Bolehkah Penderita Hipertensi, Kolestrol Tinggi Makan Opor Ayam
- 08 Apr 2025 07:47 WIB
- Fak Fak
KBRN, Fakfak : Opor adalah salah satu hidangan tradisional Indonesia yang popular ,terutama saat perayaan lebaran, Opor ayam pada dasarnya terbuat dari santan, ayam, dan bumbu-bumbu khas. Masalahnya, santan itu tinggi lemak jenuh, dan kalau ayamnya bagian yang berlemak (misalnya paha berkulit), ditambah santan kental, maka kandungan lemak jenuh dan kolesterolnya lumayan tinggi, yang dilansir dari fimela.com Ini yang bisa jadi masalah untuk penderita hipertensi dan kolesterol tinggi.
Berikut penjelasannya:
Kenapa harus hati-hati?
- Hipertensi: Opor ayam biasanya dimakan dengan tambahan garam atau kaldu instan yang tinggi natrium, sedangkan natrium berlebihan bisa memperburuk tekanan darah.

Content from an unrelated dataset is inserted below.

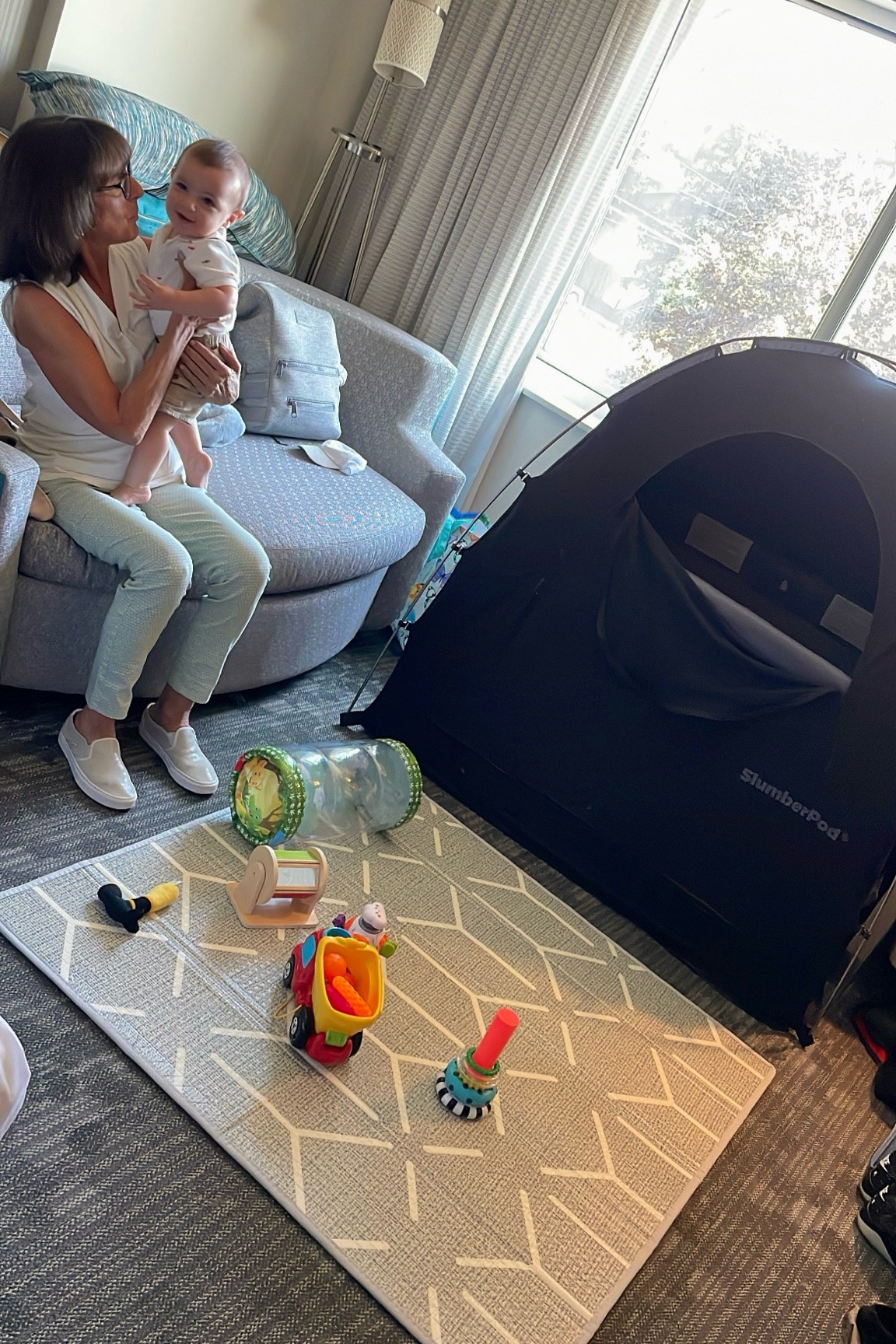 Hotel room must ⚡️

- Kolesterol tinggi: Santan dan kulit ayam tinggi lemak jenuh, yang bisa meningkatkan kadar LDL (kolesterol jahat).
Tips supaya tetap aman:
- Pilih bagian ayam tanpa kulit (misal dada tanpa kulit).
- Kurangi atau gunakan santan encer, atau bisa diganti santan rendah lemak.

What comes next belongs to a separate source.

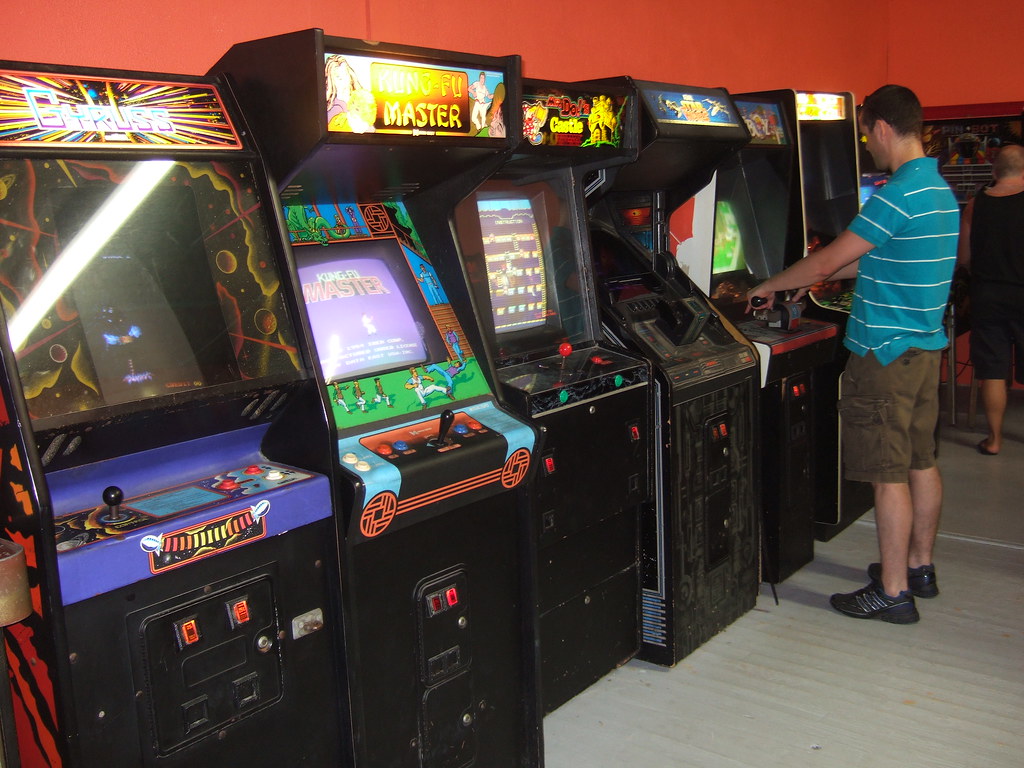 5 Classic Arcade Games From 1982 That Are Still Worth Playing Today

- Batasi garam dan penyedap rasa.
- Makan dalam porsi kecil, jangan setiap hari.
- Lengkapi dengan sayur tinggi serat untuk membantu mengikat lemak (misal: sayur asem, lalapan segar, dsb).

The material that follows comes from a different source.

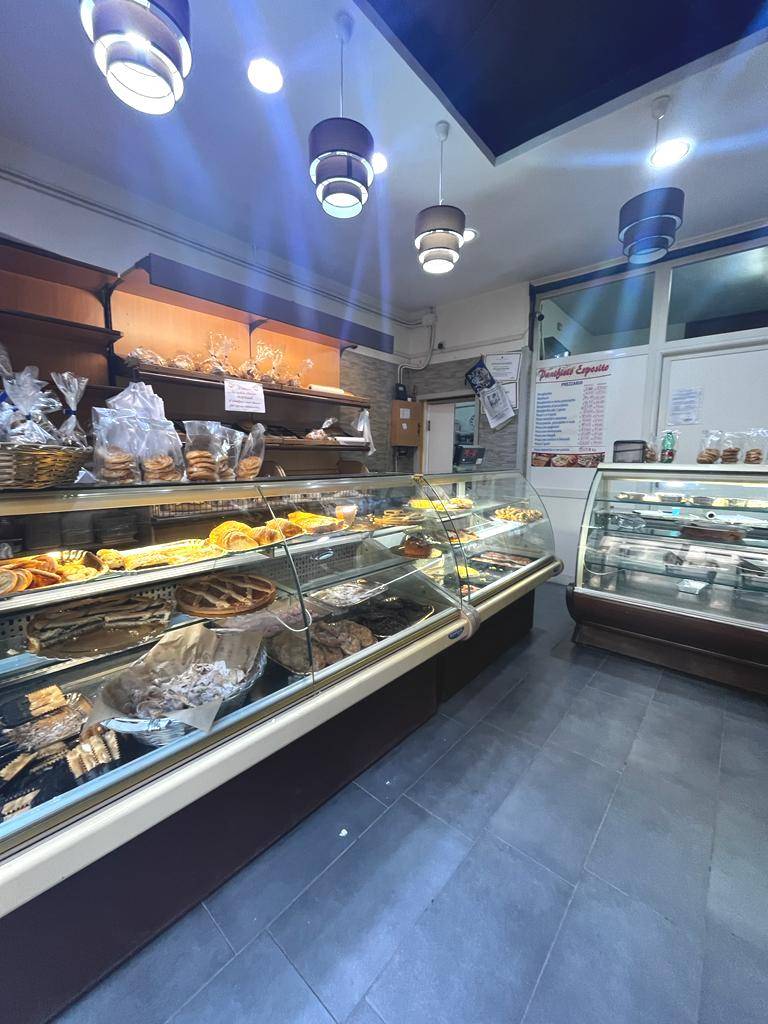 Attivit commerciale in affitto a Napoli, Soccavo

Yang menjadi perhatian yakni, Sesekali makan opor ayam boleh, asal diolah dengan cara yang lebih sehat dan tidak berlebihan. Jika sedang dalam masa pengobatan ketat atau kadar kolesterol/tekanan darah sedang tinggi, sebaiknya dikonsultasikan juga ke dokter atau ahli gizi.
Rekomendasi Berita
Memuat berita terbaru.....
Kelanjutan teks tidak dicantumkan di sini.